May 07, 2023
Easy
Human perception of easy is that it takes little effort. The opposite of easy is hard. We are always told that the harder we work the better we will become.
Therefore if easy is little effort and the opposite of hard then it will not progress us will it?
I have been playing around with this rather contradicting set of statements for some years. Various wars with my own subconscious, other debates with coaches and those that are authorities on certain things, be it physical training or other. I am not sure if I am at the conclusion quite yet but I am highly confident that I am making progress as I continue to collect my research data from my own life and that of others that either ask me to do so or I am able to do so with unbeknown to them.
(Note you do not have to tell everyone that you are collecting data from what you are doing, ha!)

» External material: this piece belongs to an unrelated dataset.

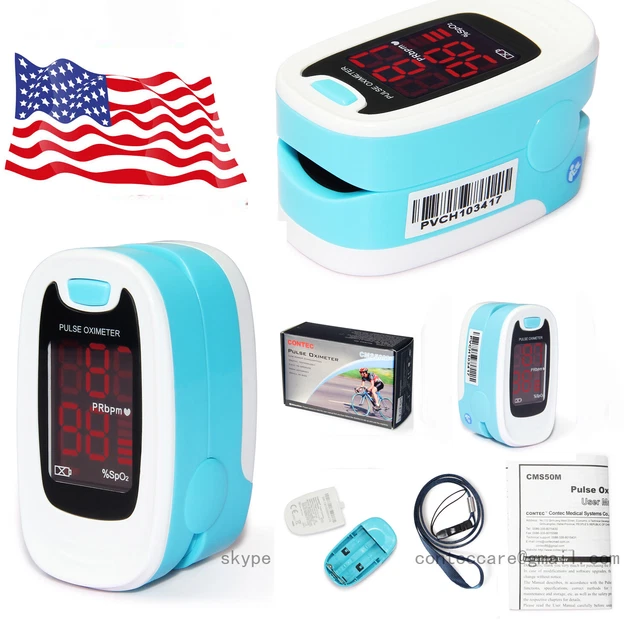 MEDICAL DIGITAL PULSE Oximeter LED Oximetro blood oxygen Heart Rate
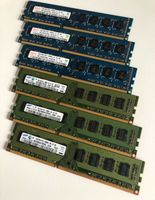 12GB / 6x 2GB PC3 10600U RAM - funktioniert einwandfrei Baden-Württemberg - Gutach Vorschau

The main issue is the perception and or interpretation of easy. Stay with me here! I have been programmed the same as you when it comes to “hard work brings results” and “hard work is always hard.” However my research confirms that getting a human to “go easy” is far harder from their stand point as well as from a coaching stand point.

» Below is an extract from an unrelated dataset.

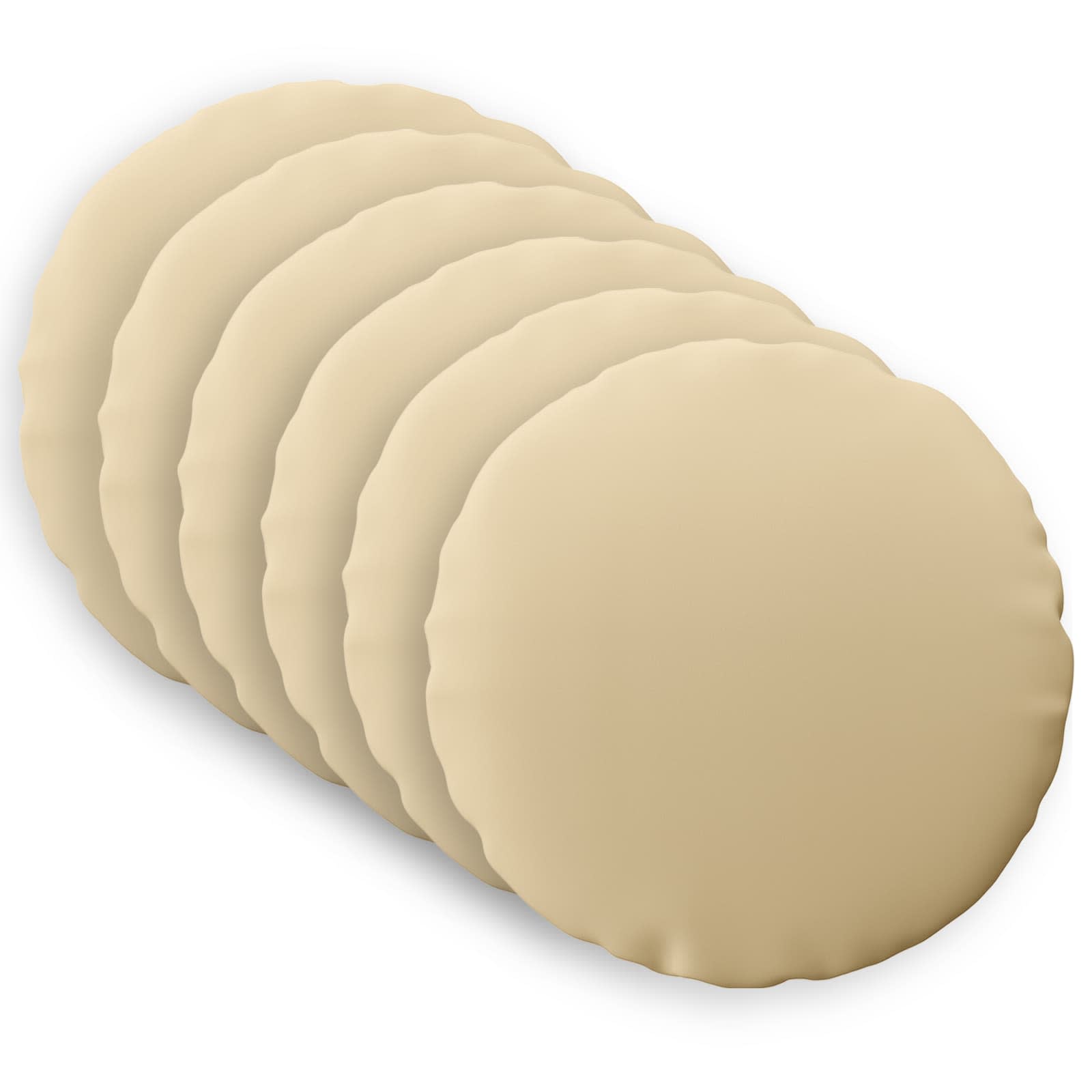 Kissen 6 Stk. Heerlen Beige Ø 60 Cm Polyester Vidaxl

When it comes to training (and life for that matter) the 80% (easy training) 20% (hard training) split is not an overly new concept. However I am yet to meet (or to be) an athlete that follows it to a T. Why? Super simple….because it is so hard. It is against what we have be programmed to know true and with the advent of peer approval from various forms of social media the greatest interactions (and therefore dopamine hits) on any posts are coming from images and times that are the split second before we pass out. Few get excited, capture and therefore post about their easy sessions. Society wants dopamine and the “easy” brand of post releases little.
I’m a junkie like you, the feeling of being in the red, the dopamine from the comments, the full nine yards have fulled me from running pyramids in rugby pre season to throwing up in a bucket at the side of my turbo trainer. But 20%? No chance!

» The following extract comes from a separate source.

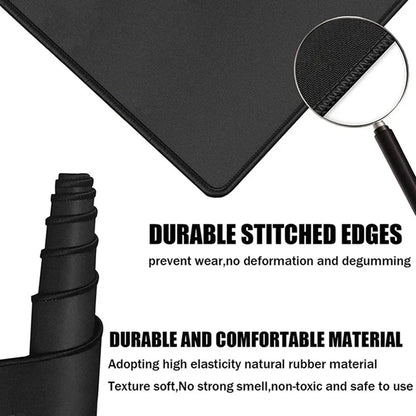Cute Anime Stitch Mousepad Locking Edge Non-slip Mouse Pad HD Printing Computer Gamers Mausepad XXL Keyboard E-Sports Deskmat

In the last twelve months I have written and coached just shy of 20,000 hours of “training” in some way shape or form and participated in over 800 hours of my own training. At least 80% of those hours of training have had the word easy associated with them in some way shape or form. Those that have picked up on the word and executed it have seen far better results than those that have not.
I will continue my research and update you as I go, for the meantime. Keep it easy when it is supposed to be easy always knowing that easy can be very hard and when it’s time to go hard yes that will also be hard.
So your “hard box” is getting firmly ticked any which way!